Liverpool Football Club can boast more than most about history, culture and success. Tom Hicks, Liverpool's now infamous co-owner, and his HSG Sports Group can also lay claim to being part of what has become the most fanciful sports transactions of all time.
Alex Rodriguez is without doubt the biggest and flashiest hitter in Major League Baseball. Such is his star status that, even with recent claims of steroid use dating back to 2003, his reputation appears to have remained intact and he is hailed as a core part of the New York Yankees 2009 World Series Championship success.
The all-conquering Yankees who are renowned as the world's richest franchise can undoubtedly afford to pay for the prime players in the game - especially when Tom Hick's Texas Rangers have helped to foot the bill.
Rodriguez's landmark 10-year $252 million contract in 2000 was a speculative move by the Rangers to secure a name that would likely be remembered as one of the greats of the game. By 2004 the team had traded him to the Yankees, but reportedly agreed to pay an estimated $67 million of the $179 million still owed.
The Yankees are champions once more. The Rangers face an uncertain future with their owner, the Tom Hicks' HSG Sports Group, facing creditors who are (reported by the Wall Street Journal) owed more than $540 million.
This is perhaps where the main concerns begin for Liverpool Football Club. The Texas Rangers are in some circles accepted as the 12th most valuable franchise in Major League Baseball and it is not them but HSG that is struggling financially.
The sale of the Texas Rangers appeared to be at a promising stage when a bid by baseball legend Nolan Ryan looked to satisfy many interested parties, not least many Rangers fans.
However, objections filed by creditor JP Morgan Chase Bank seek to remove the Rangers Ballpark lease from the sale of the franchise.
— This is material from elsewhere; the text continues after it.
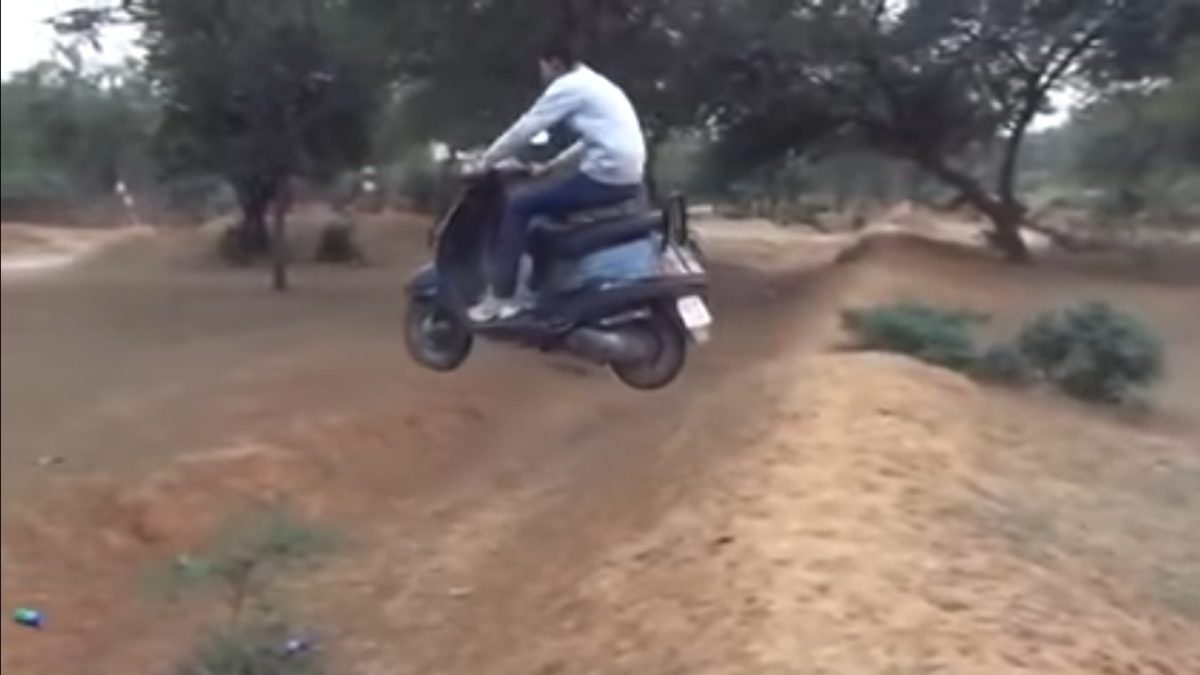VIDEO: Flying without wings on a Honda Activa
JP Morgan contends, Hicks Sports Group, transferred the lease to the team just before the bankruptcy filing without the bank's approval, as required in its loan agreement. The bank contends that the ballpark lease is not the team's property.
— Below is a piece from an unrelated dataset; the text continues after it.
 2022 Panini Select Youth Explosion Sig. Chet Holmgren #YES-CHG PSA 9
JP Morgan Chase Bank's intervention would mean that the ballpark would be cut from the deal making potential buyers possibly rethink their bids.
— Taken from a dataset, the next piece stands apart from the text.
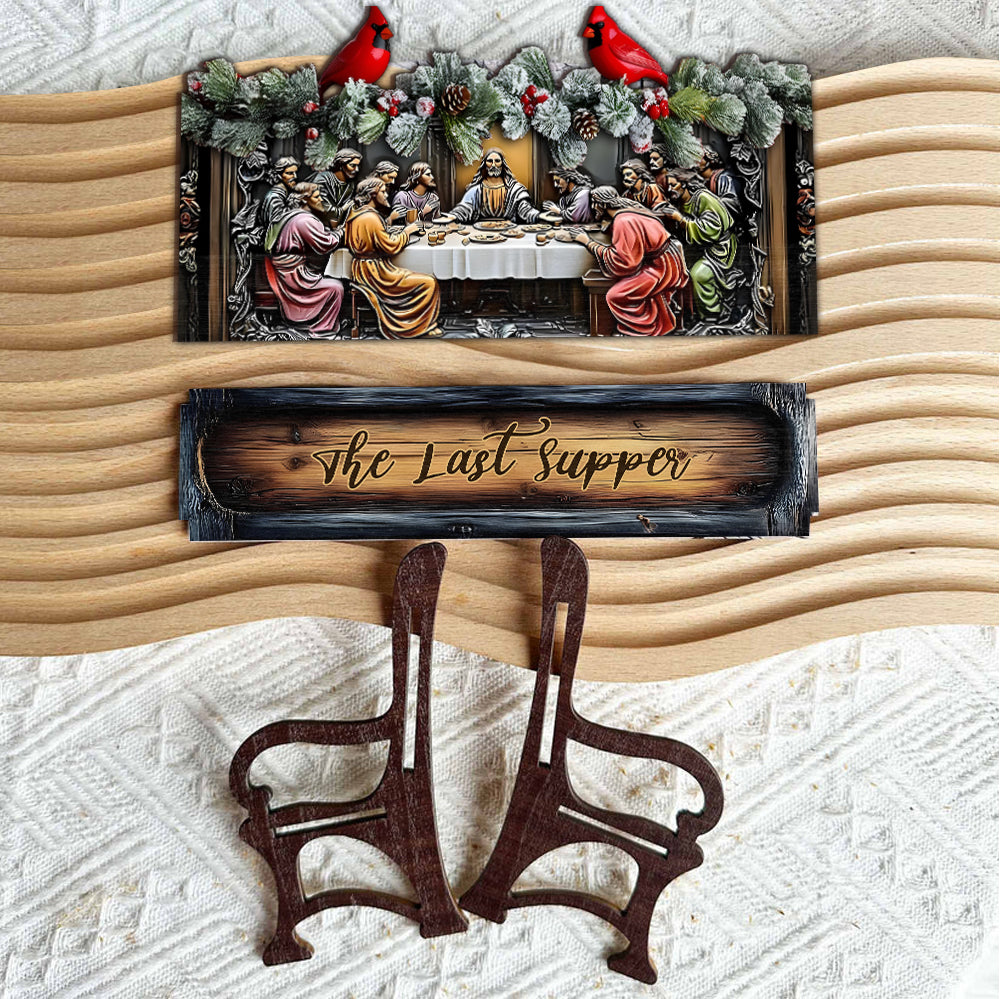 The Last Supper - Personalized Christian Wooden Bench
Kop Football Holdings Ltd is another Tom Hicks project. It is widely assumed that the reported £347 million is separate to Liverpool Football Club in many ways. Indeed, it has not saddled the club with the kind of debt that is often reported. Liverpool FC and Kop Football Holdings Ltd are not the same business.
Liverpool continue to operate as a club with no imminent danger. The club can afford to make marquee transfers and continue to celebrate its status as one of the major players in football.
It operates to a backdrop of fan unrest. Protests that involve ex-players and famous-fans have taken place on the steps of the city's most famous building. The more they push for a sale, the hope is, the club will be placed under new ownership and be free from the debt and despair.
Some Liverpool fans live in the hope that a new owner can help them start again. An owner who has come into clubs like Chelsea FC and Manchester City FC can wipe out all the debts. Liverpool are not those clubs. Their history and culture is something those clubs can only dream of. It is a terrible shame if one person can begin to think it can take on all that history. It is also unrealistic. The club would be unrecognisable.
Liverpool lack a state of the art stadium that would attract a big-time buyer who can make the club viable. However, the failure to build one may just have saved the club from themselves.
It seems an obvious assumption to make that it would be Kop Holdings Ltd who would undertake the loans and debt on the stadium and rent it back to the club. It would have sent that company's debt levels soaring, and if the co-owner was faced with the same situation in Liverpool as the one in Texas, there is only one realistic conclusion to be drawn as to where Liverpool Football Club would find itself.
The truth may be, the more Liverpool fans push for a sale, the closer they are to the point when the final cards will have to be played. Liverpool FC can never be the club it was and endeared it to millions across the world. It should never have been sold.
Liverpool were UEFA Champions League winners and had no obvious debt when it decided this business model was the future. Some say they chased the dream like others before them. It is unclear how much better it could ever have gotten. The conclusion - that greed is a powerful emotion.